Notice of candidature of a person for directorship- Section
160(2) and Rule 13
The company shall inform its members of the candidature of a
person for the office of a director or the intention of a member to
propose such person as a candidate for that office, at least seven days
before the general meeting by serving individual notices to members
through e-mail and where no e-mail address is available then in
writing and by placing notice of such candidature or intention on the
website of the company, if any.
If the company advertises such candidature/intention, not less
than 7 days before the meeting at least once in a vernacular newspaper
in the principal vernacular language of the registered office’s district
and at least once in English language in an English newspaper
circulating in that district in which the registered office of the
company is situated, then it shall not be required to serve individual
notices upon the members as aforesaid.
10. DIRECTOR IDENTIFICATION NUMBER (DIN)
Procedure for application for allotment of DIN - Section 153 & Rule 9
(1) Every individual, who is to be appointed as director of a
company shall make an application electronically in Form
DIR-3 (Application for allotment of Director Identification
Number) to the Central Government for the allotment of a
Director Identification Number (DIN).
(2) The Central Government shall provide an electronic
system to facilitate submission of application for the
allotment of DIN through the portal on the website of the
Ministry of Corporate Affairs.
(3) (a) The applicant shall download Form DIR-3 from the
portal, fill in the required particulars and attaching
photograph; proof of identity; proof of residence; and
verification by the applicant in Form DIR-4, specimen
signature duly verified and sign the form digitally.

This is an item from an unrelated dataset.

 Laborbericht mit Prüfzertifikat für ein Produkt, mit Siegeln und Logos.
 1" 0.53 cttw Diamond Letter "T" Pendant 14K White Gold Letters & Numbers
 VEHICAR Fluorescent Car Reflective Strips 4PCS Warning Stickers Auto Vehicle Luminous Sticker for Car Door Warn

(b) Form DIR-3 shall be signed and submitted electronically
by the applicant using his or her own Digital Signature
Certificate and shall be verified digitally by -:
(i) a chartered accountant or a company secretary in
practice or a cost accountant; or
(ii) a company secretary in full time employment of
the company or by the managing director or
director of the company in which the applicant is
to be appointed a director;
Procedure for Allotment of DIN- Section 154 and Rule 10
The Central Government shall, within one month from the
receipt of the application under section 153, allot a Director
Identification Number to an applicant in such manner as mentioned
below:
(1) On the submission of the Form DIR-3 on the portal and
payment of the requisite amount of fees through online
mode the provisional DIN shall be generated by the system
automatically which shall not be utilized till the DIN is
confirmed by the Central Government.
(2) After generation of the provisional DIN, the Central
Government shall process the application. It may
approve or reject the application and communicate the
same to the applicant within a period of one month from
the receipt of application. The such communication may
be sent by post or electronically or in any other mode.
(3) If the Central Government, on examination, finds such
application to be defective or incomplete in any respect, it
shall give intimation of such defect or incompleteness, by
placing it on the website and by email to the applicant who
has filed such application, directing the applicant to rectify
such defects or incompleteness by resubmitting the
application within a period of fifteen days of such placing
on the website and email:
Provided that Central Government shall-
(a) reject the application and direct the applicant to file
fresh application with complete and correct
information, where the defect has been rectified
partially or the information given is still found to be
defective;
(b) treat and label such application as invalid in the
electronic record in case the defects are not removed
within the given time; and
(c) Inform the applicant either by way of letter by post or
electronically or in any other mode.
(4) In case of rejection or invalidation of application, the
provisional DIN so allotted by the system shall get lapsed
automatically and the fee so paid with the application shall
neither be refunded nor adjusted with any other application.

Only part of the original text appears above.